— TASK DESCRIPTION —
Go through the lines below and retype each one exactly.

** Opening DATA BELOW block **

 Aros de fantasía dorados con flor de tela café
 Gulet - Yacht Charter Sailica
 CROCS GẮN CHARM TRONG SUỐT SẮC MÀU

** Closing DATA BELOW block **

— WRITTEN RESPONSE —
 Aros de fantasía dorados con flor de tela café
 Gulet - Yacht Charter Sailica
 CROCS GẮN CHARM TRONG SUỐT SẮC MÀU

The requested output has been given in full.